In May, the authority board awarded a $150,000 contract to Michael Baker Corp. to study the feasibility of creating a stormwater "district" or "authority."
The entity would manage stormwater for the city, if not the region, and give businesses financial incentives to use green roofs, permeable pavement and other measures to control runoff, said city Councilman Patrick Dowd, a water and sewer authority board member.
Mr. Dowd said the impetus for the study was two-fold: requirements that municipalities reduce sewage and stormwater runoff and the recognition that the built-up urban environment is contributing heavily to runoff.
The stormwater management authority could be a new entity, or the responsibilities could be assigned to an existing government, such as the water and sewer authority or city.
In 1999, the Philadelphia Water Department added an "Office of Watersheds" to address stormwater management, and Mr. Dowd and others said that's one model to consider.
"If you look around the country, where there's success in dealing with these issues, there is generally a stormwater utility involved," said John Schombert, executive director of 3 Rivers Wet Weather, a nonprofit that helps municipalities deal with sewage and stormwater runoff.
In his first extensive remarks since the flash flood, Mayor Luke Ravenstahl on Tuesday said he was "devastated" by the deaths and vowed to make Washington Boulevard safer, short-term and long-term.

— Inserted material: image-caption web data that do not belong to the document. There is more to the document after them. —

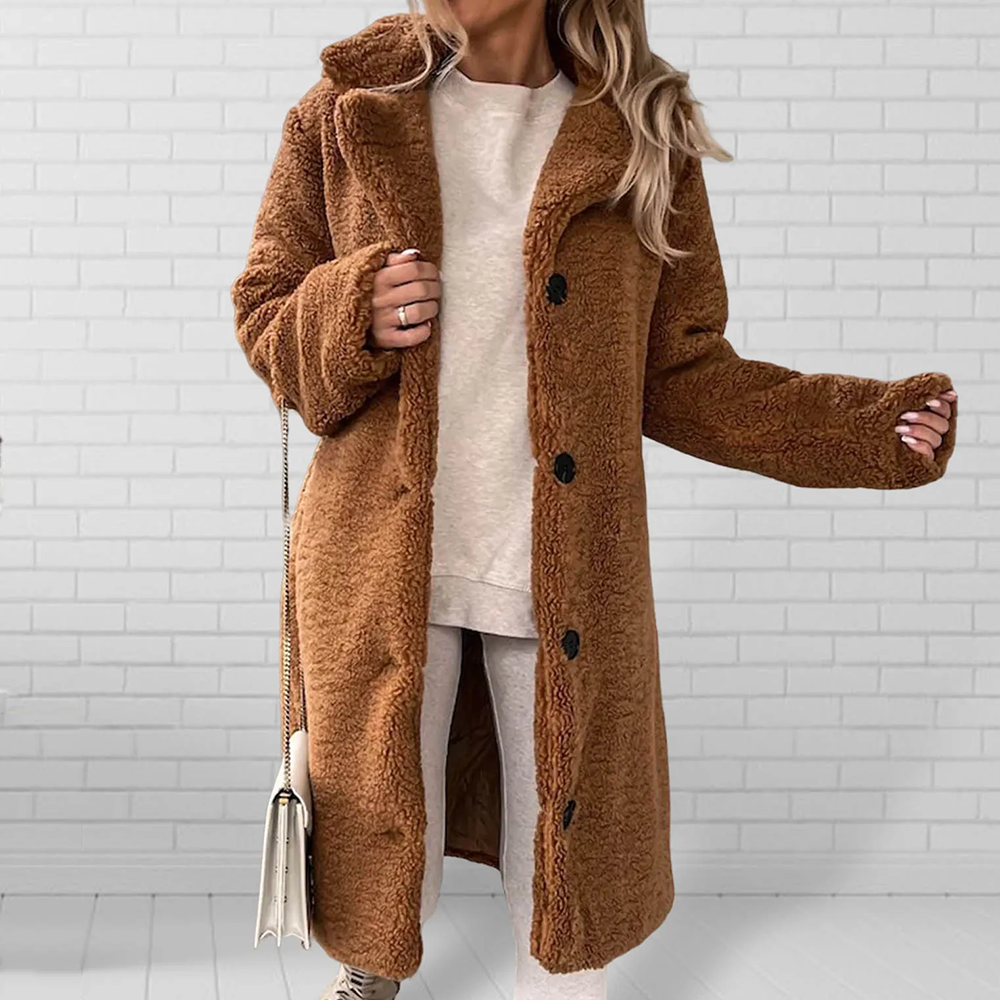 Sophie Plush Coat Luxurious Warm Long Winter Coat For Women Cozy Soft Texture Everyday Luxury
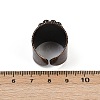 Brass with Natural Labradorite Cuff Rings RJEW-Z112-02R-02-5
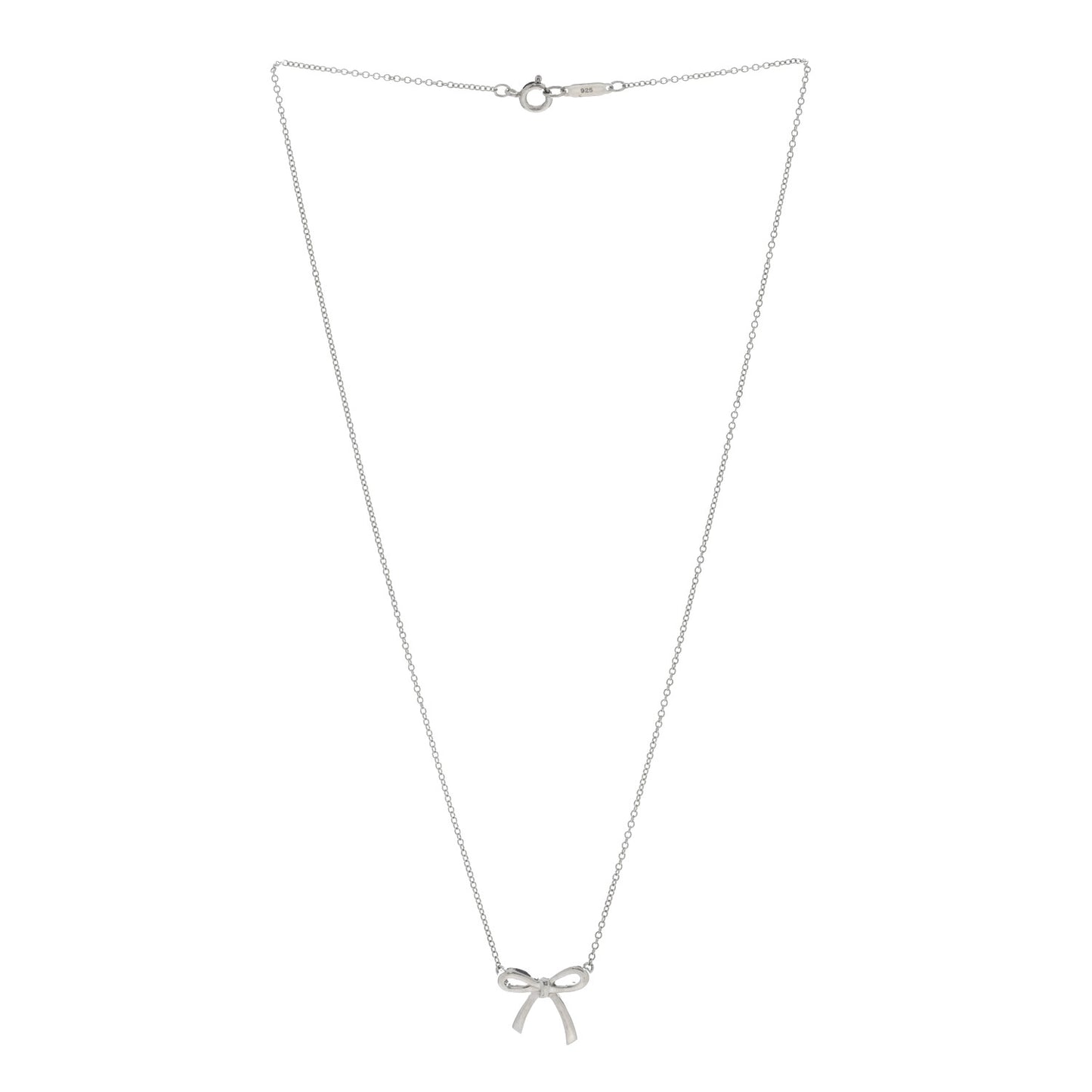 Sterling Silver Small Bow Pendant Necklace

Mr. Ravenstahl said the city already is planning for heavy rains Hurricane Irene might bring to Pittsburgh later this week and stressed that officials will err on the side of caution. If that means closing a road prematurely or unnecessarily, he said, so be it.
"Certainly, we're all devastated by the tragic events that took place on Washington Boulevard. ... It's our goal now, collectively, to find answers. There are still many questions that are unanswered at this point," he said.
Mr. Ravenstahl declined to speculate on the causes of the flash flood, which the water and sewer authority and Allegheny County Sanitary Authority have blamed on the amount of rainfall, not the quality of their systems.
However, he said improvements -- a process for quickly closing the road during storms, road reconstruction, drainage upgrades or some combination of those things -- will be made.